I've seen a few rightwingers who, when the stupidity or nastiness of their position is revealed, fall back on the tired, old "it was a *joke*" defense.
One of those times was Glenn Greenwald questioning someone who had called one of the SCOTUS judges the biggest "nancy boy" (I think that was the term), and the response was "It. Was. A. Joke."
Well, it wasn't funny. I mean, what, are the words "nancy boy" so ridiculous and fun to say that you could laugh, like "whoop-de-doodle-doo!" Well, no. Was it directed at a big, rough, tough, ceegar-chompin' brute, who always called less "manly men" disparaging things like "nancy boys" so it was funny by contraries and irony? No.
It was an attack, plain and simple. It wasn't a joke, it wasn't intended to be laughter producing. Even if one could argue that it was deserved, it was not a joke.
And it should earn a person some mild contempt... if you've got a bug up your butt, say you've got a bug up your butt. Don't claim you're just trying to keep the bug warm for winter.
If you're going to attack, stand your ground and be proud; if you can't, maybe the attacking behavior is something you shouldn't be proud of, you know?
Anyway... I think one part of a comeback is to steal the cover of "it's just a joke!" when it clearly isn't.
- This wouldn't work in every context, probably, but once I got into a game of pool in a bar with one of the other patrons, who I had never seen before. He started ranting about "The Jews", how they were greedy, owned everything, you know the drill.

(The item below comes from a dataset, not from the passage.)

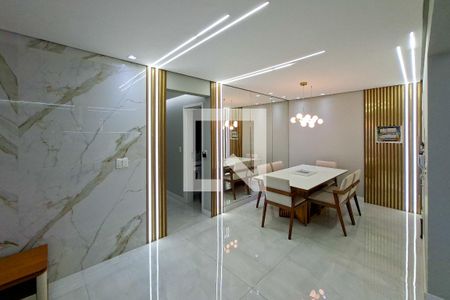 Sala de apartamento para alugar com 3 quartos, 151m² em Guilhermina, Praia Grande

After a couple of minutes, he realized I wasn't really responding, and said, "You're not Jewish, are you?" to which I replied, "Actually, I am."
Well, his jaw dropped, and he started literally stammering, saying that he didn't mean anything, and he was only joking. I said, "That's OK, I was joking too, I'm not Jewish," at which point he became angry and called me an asshole. If I'd really been thinking, I could have just dropped the old schoolyard jibe "it takes one to know one," but I missed that opportunity.

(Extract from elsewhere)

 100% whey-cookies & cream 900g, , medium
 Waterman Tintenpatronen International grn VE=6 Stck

- I have had to deal with openly racist in-laws throughout my marriage (goodness knows how my husband survived his childhood, but I'm glad he did). After the umpteenth spew of racial slurs at a family gathering, I informed my husband that the next time it happened I would gather our sons and he had five minutes to join me in the car or he was walking home.

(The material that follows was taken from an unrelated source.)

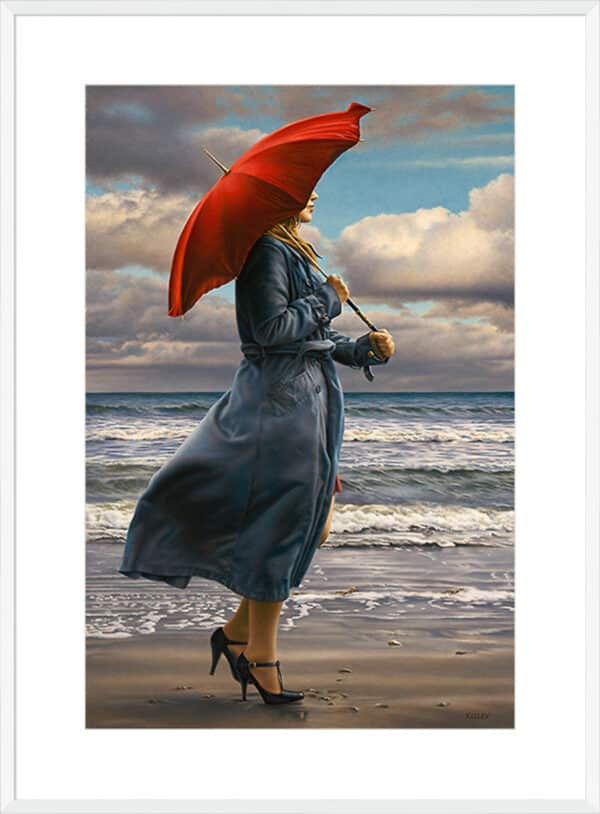 Red Umbrella - 10cm Mount Board - Image 2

After doing this the in-laws got the hint and at least I don't have to hear it as often any more. My oldest son, whose grandfather is full-blood Cherokee, once amused himself at his step-grandmother's expense by pointing out after a rant about "dirty, long-haired, drunk unemployed Indians" that his grandfather had always to his knowledge had short hair, he's not been unemployed in forty years, he doesn't drink, and he both swims and bathes every day. Amazingly, she didn't get the hint. Son gave "the signal", and we all left.
- Racism...if I reflect long and hard enough, shapes so much of our culture, at least in my view of it. Even when you think you are "white enough", it can pop up unexpectedly. So my red hair and freckles give away the Irish in me, and I remember dating back in the day, in the late 80's and the father of one guy made a comment that i had "farmer's hands" and wasn't I Irish? Another guy's dad made a similar comment, and we dated a bit on the sly. Fast forward, twenty G-D years, and when I married my current husband and was pregnant with our first child, my Father-in-law (Dutch-American) lamented the children would look Irish. For the first couple years he mentioned how blond they were, and cute. UGH!!!
My adopted stepmom is Italian-American and her mother told me stories about how she quit school in sixth grade because of the merciless taunts that she was a "wop". My (step)mother has spent her entire life self-conscious of her dark Italian features, and my sister, going to a private high school in Philly was too white for the Italian cliques, and too dark for the white girls.
My Dad's side of the family is all from Mississippi. This brings us into contact with all manner of talk, it is sad, really, it goes too deep for words. Some people are good, and that is where you have to go for positive nourishment of anti-racist development. Forget about saying things in social circles, but there can be some headway.
There is a certain Japanese Restaraunt along the Coast that I had heard rumored not to serve blacks. One night, we happened to take our family there, and while we were waited on i notice a couple black women come in and wait to be seeted, which took a while, but I chalked it up to a busy night. Once they were seated, no one came to get their drink order, no one came to take their order at all. Although other patrons came and were seated and their orders taken. When our appetizers came, i mentioned to the waitress that the ladies had been waiting a while, and she barely nodded. Still no one came to get their order. When she came again I mentioned it again and asked her not to bring my dinner until they had been taken care of. They still sent no one and brought our tables dinners. At that point, in a loud voice, I said I am not eating this here, I don't want it if you cannot serve those ladies who have been waiting forty minutes to be waited on.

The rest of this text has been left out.